# Task to complete
Please return all the records exactly, with nothing left out.

# Dataset records

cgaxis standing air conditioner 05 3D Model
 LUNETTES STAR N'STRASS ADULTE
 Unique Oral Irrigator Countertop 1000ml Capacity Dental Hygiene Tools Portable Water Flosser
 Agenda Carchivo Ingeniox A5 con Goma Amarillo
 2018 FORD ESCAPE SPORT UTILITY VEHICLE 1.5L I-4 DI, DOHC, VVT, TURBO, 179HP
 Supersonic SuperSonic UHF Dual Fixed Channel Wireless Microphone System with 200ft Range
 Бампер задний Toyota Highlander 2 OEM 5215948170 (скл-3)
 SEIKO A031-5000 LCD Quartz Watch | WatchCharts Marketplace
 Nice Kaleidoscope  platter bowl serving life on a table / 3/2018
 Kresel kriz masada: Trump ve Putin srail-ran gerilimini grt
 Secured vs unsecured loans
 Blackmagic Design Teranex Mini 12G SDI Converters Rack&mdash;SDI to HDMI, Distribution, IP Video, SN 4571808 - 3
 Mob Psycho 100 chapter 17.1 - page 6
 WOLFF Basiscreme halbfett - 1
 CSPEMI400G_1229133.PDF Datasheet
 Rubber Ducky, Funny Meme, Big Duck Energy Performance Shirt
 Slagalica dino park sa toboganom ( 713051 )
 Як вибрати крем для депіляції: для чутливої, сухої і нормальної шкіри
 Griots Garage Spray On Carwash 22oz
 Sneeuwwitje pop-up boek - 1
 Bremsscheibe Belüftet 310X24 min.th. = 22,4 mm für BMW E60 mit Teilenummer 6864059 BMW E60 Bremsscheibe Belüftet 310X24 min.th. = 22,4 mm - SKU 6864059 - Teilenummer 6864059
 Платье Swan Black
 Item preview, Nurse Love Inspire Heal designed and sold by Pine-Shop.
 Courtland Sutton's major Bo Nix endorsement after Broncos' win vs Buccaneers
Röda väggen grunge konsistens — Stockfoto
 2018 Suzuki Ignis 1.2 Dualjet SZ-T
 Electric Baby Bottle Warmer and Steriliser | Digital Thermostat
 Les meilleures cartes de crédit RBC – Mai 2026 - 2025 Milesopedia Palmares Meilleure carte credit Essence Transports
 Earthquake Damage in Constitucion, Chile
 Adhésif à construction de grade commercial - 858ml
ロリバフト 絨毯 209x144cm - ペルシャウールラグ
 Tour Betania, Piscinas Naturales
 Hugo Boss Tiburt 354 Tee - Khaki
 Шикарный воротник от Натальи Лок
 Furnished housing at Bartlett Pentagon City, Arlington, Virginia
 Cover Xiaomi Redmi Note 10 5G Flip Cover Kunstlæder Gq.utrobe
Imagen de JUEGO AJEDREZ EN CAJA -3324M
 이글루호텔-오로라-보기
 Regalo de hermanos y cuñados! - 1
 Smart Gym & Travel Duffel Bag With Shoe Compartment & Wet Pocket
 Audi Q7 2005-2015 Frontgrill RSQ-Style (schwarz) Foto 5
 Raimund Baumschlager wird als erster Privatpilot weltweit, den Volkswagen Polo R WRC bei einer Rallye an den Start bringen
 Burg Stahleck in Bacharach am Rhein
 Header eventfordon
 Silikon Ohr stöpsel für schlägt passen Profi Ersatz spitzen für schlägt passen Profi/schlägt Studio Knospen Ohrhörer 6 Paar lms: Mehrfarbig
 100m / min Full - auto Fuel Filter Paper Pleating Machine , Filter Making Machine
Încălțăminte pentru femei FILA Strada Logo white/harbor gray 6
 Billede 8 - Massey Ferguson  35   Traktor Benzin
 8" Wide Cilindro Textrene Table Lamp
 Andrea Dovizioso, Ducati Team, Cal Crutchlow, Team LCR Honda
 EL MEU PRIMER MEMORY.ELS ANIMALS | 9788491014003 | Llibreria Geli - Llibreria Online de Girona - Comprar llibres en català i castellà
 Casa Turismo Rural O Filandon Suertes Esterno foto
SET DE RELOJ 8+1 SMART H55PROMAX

# Written solution
cgaxis standing air conditioner 05 3D Model
 LUNETTES STAR N'STRASS ADULTE
 Unique Oral Irrigator Countertop 1000ml Capacity Dental Hygiene Tools Portable Water Flosser
 Agenda Carchivo Ingeniox A5 con Goma Amarillo
 2018 FORD ESCAPE SPORT UTILITY VEHICLE 1.5L I-4 DI, DOHC, VVT, TURBO, 179HP
 Supersonic SuperSonic UHF Dual Fixed Channel Wireless Microphone System with 200ft Range
 Бампер задний Toyota Highlander 2 OEM 5215948170 (скл-3)
 SEIKO A031-5000 LCD Quartz Watch | WatchCharts Marketplace
 Nice Kaleidoscope  platter bowl serving life on a table / 3/2018
 Kresel kriz masada: Trump ve Putin srail-ran gerilimini grt
 Secured vs unsecured loans
 Blackmagic Design Teranex Mini 12G SDI Converters Rack&mdash;SDI to HDMI, Distribution, IP Video, SN 4571808 - 3
 Mob Psycho 100 chapter 17.1 - page 6
 WOLFF Basiscreme halbfett - 1
 CSPEMI400G_1229133.PDF Datasheet
 Rubber Ducky, Funny Meme, Big Duck Energy Performance Shirt
 Slagalica dino park sa toboganom ( 713051 )
 Як вибрати крем для депіляції: для чутливої, сухої і нормальної шкіри
 Griots Garage Spray On Carwash 22oz
 Sneeuwwitje pop-up boek - 1
 Bremsscheibe Belüftet 310X24 min.th. = 22,4 mm für BMW E60 mit Teilenummer 6864059 BMW E60 Bremsscheibe Belüftet 310X24 min.th. = 22,4 mm - SKU 6864059 - Teilenummer 6864059
 Платье Swan Black
 Item preview, Nurse Love Inspire Heal designed and sold by Pine-Shop.
 Courtland Sutton's major Bo Nix endorsement after Broncos' win vs Buccaneers
Röda väggen grunge konsistens — Stockfoto
 2018 Suzuki Ignis 1.2 Dualjet SZ-T
 Electric Baby Bottle Warmer and Steriliser | Digital Thermostat
 Les meilleures cartes de crédit RBC – Mai 2026 - 2025 Milesopedia Palmares Meilleure carte credit Essence Transports
 Earthquake Damage in Constitucion, Chile
 Adhésif à construction de grade commercial - 858ml
ロリバフト 絨毯 209x144cm - ペルシャウールラグ
 Tour Betania, Piscinas Naturales
 Hugo Boss Tiburt 354 Tee - Khaki
 Шикарный воротник от Натальи Лок
 Furnished housing at Bartlett Pentagon City, Arlington, Virginia
 Cover Xiaomi Redmi Note 10 5G Flip Cover Kunstlæder Gq.utrobe
Imagen de JUEGO AJEDREZ EN CAJA -3324M
 이글루호텔-오로라-보기
 Regalo de hermanos y cuñados! - 1
 Smart Gym & Travel Duffel Bag With Shoe Compartment & Wet Pocket
 Audi Q7 2005-2015 Frontgrill RSQ-Style (schwarz) Foto 5
 Raimund Baumschlager wird als erster Privatpilot weltweit, den Volkswagen Polo R WRC bei einer Rallye an den Start bringen
 Burg Stahleck in Bacharach am Rhein
 Header eventfordon
 Silikon Ohr stöpsel für schlägt passen Profi Ersatz spitzen für schlägt passen Profi/schlägt Studio Knospen Ohrhörer 6 Paar lms: Mehrfarbig
 100m / min Full - auto Fuel Filter Paper Pleating Machine , Filter Making Machine
Încălțăminte pentru femei FILA Strada Logo white/harbor gray 6
 Billede 8 - Massey Ferguson  35   Traktor Benzin
 8" Wide Cilindro Textrene Table Lamp
 Andrea Dovizioso, Ducati Team, Cal Crutchlow, Team LCR Honda
 EL MEU PRIMER MEMORY.ELS ANIMALS | 9788491014003 | Llibreria Geli - Llibreria Online de Girona - Comprar llibres en català i castellà
 Casa Turismo Rural O Filandon Suertes Esterno foto
SET DE RELOJ 8+1 SMART H55PROMAX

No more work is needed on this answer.